Marcelo Ebrard , head of the Ministry of Economy (SE) , described the decision by the U.S. Customs and Border Protection (CBP) to eliminate tariffs and impose low-cost exports on auto parts manufactured in Mexico as an “important step forward. “
“Today, instructions were published for U.S. customs authorities, and they confirm, make explicit, and emphasize that auto parts from Mexico, as well as those from Canada, are treated under our treaty and therefore do not pay tariffs,” he emphasized.
The federal official indicated that under these terms, auto parts manufactured in the country will be treated as if they were from the United States for the purposes of the discounts and compensation that the automotive industry will apply in the coming weeks.

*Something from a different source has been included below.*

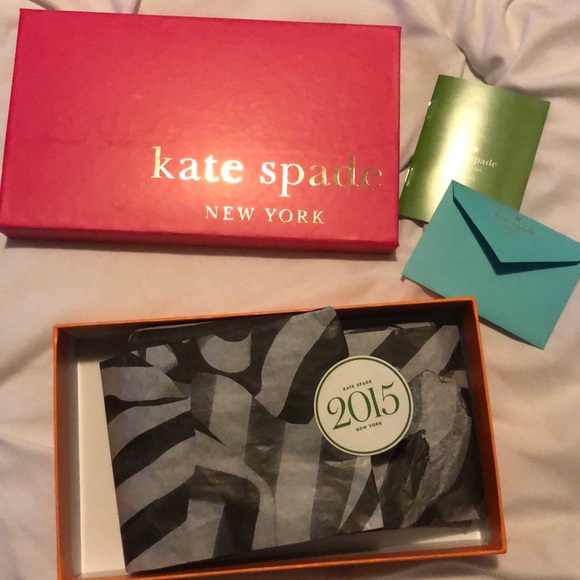 Excellent condition patent leather wallet with box - Picture 2 of 5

“Regarding auto parts, I would say that one of President (Claudia) Sheinbaum’s main concerns has been that Mexican auto parts be treated as provided for in our treaty with the United States and Canada. This means that they are not subject to tariffs or duties, and that we can continue exporting. It’s a very large industry in our country; it’s where we have the highest domestic content,” he stated during this Friday’s morning press conference.
Ebrard added that the measure was reached as part of the agreements in force in the Treaty between Mexico, the United States, and Canada (T-MEC) , and specified that the automotive industry depends on complex, cross-border supply chains, as a single vehicle may require various components that cross the border several times before final assembly.
The Secretary of Economy also highlighted the integration between Mexico and the United States in the automotive industry.
“The integration we have in the automotive industry involves several sectors. Basically, when you think about it, when you look at a vehicle, it has thousands of parts that aren’t necessarily produced by that company. That’s why they’re called assembly plants. They produce some parts, and everything else you get on the market from different types of companies. Who makes the screw, who makes the piston, and so on, all the way down to semiconductors. So, that universe, that ecosystem that surrounds each vehicle, has an increasing amount of Mexican content,” he noted.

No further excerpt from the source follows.